What the task requires:
An exact copy of every record below is needed, with the pictures left out.

Provided records:
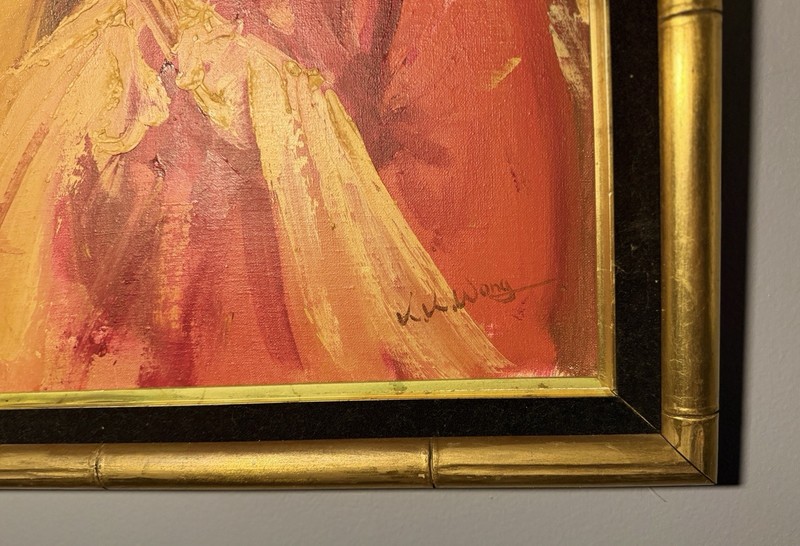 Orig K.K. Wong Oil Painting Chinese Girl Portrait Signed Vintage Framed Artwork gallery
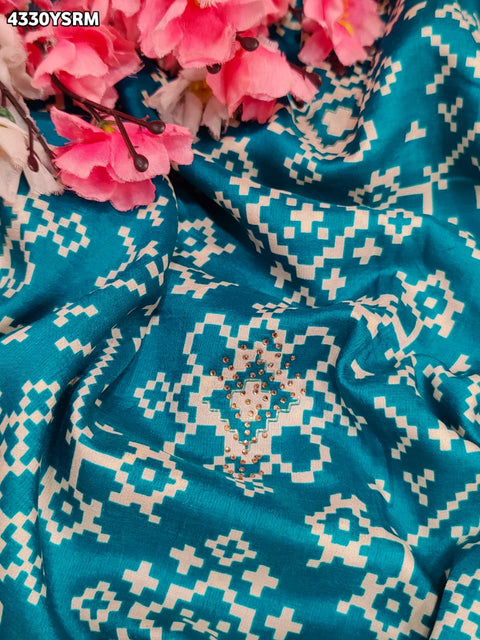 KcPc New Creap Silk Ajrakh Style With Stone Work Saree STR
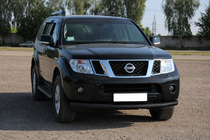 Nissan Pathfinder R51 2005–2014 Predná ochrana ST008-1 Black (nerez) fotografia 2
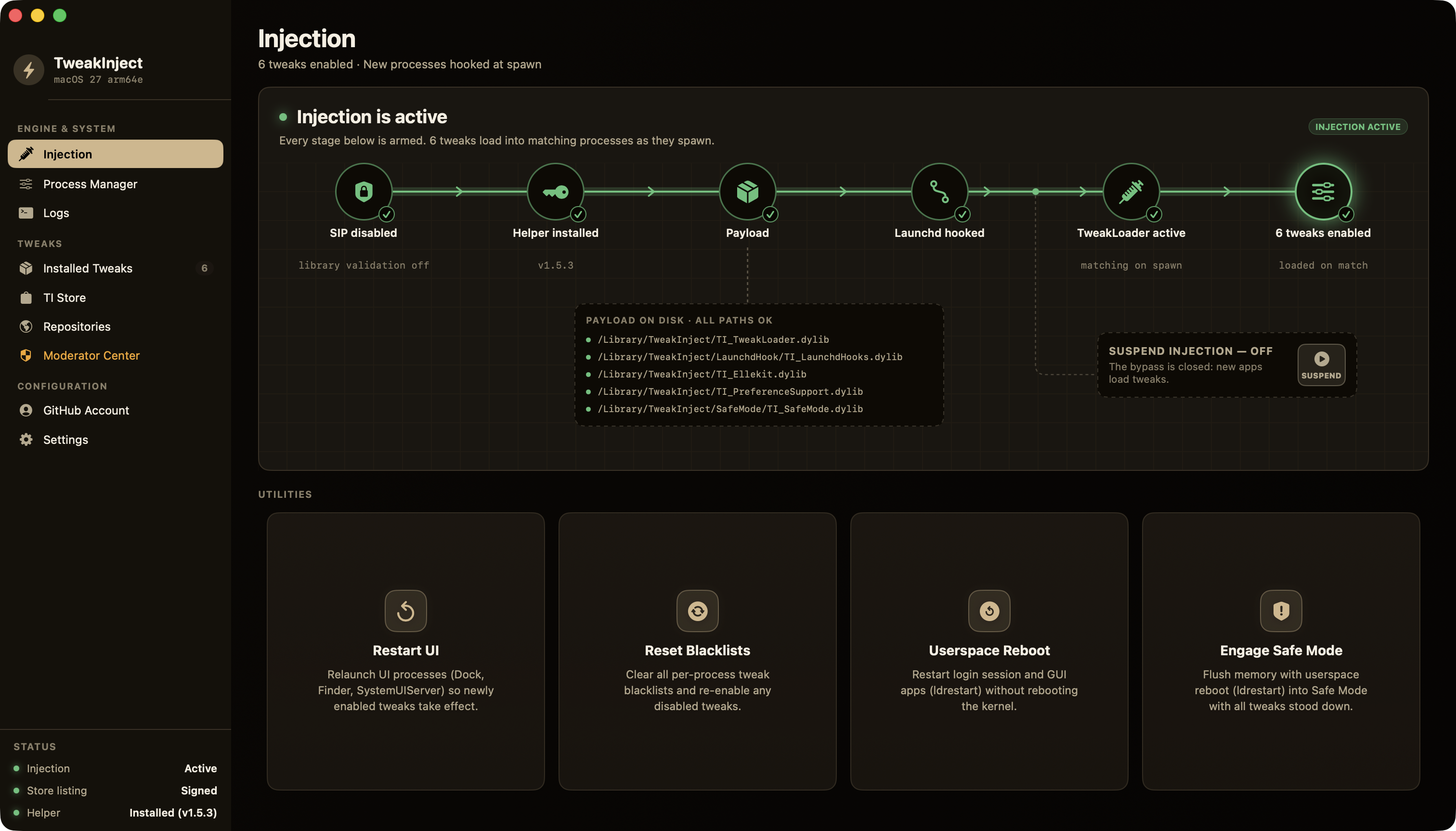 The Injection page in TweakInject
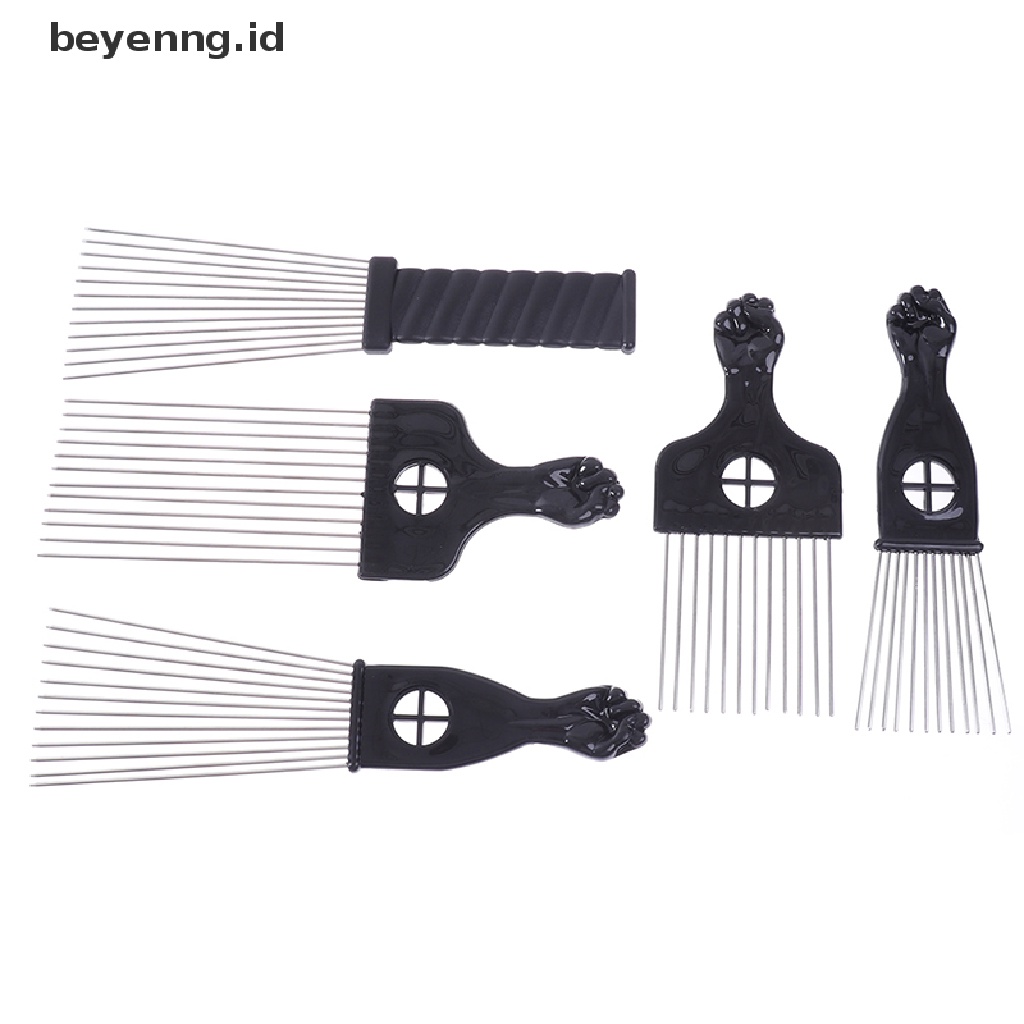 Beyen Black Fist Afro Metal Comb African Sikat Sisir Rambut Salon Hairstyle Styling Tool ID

Solution:
 Orig K.K. Wong Oil Painting Chinese Girl Portrait Signed Vintage Framed Artwork gallery
 KcPc New Creap Silk Ajrakh Style With Stone Work Saree STR
 Nissan Pathfinder R51 2005–2014 Predná ochrana ST008-1 Black (nerez) fotografia 2
 The Injection page in TweakInject
 Beyen Black Fist Afro Metal Comb African Sikat Sisir Rambut Salon Hairstyle Styling Tool ID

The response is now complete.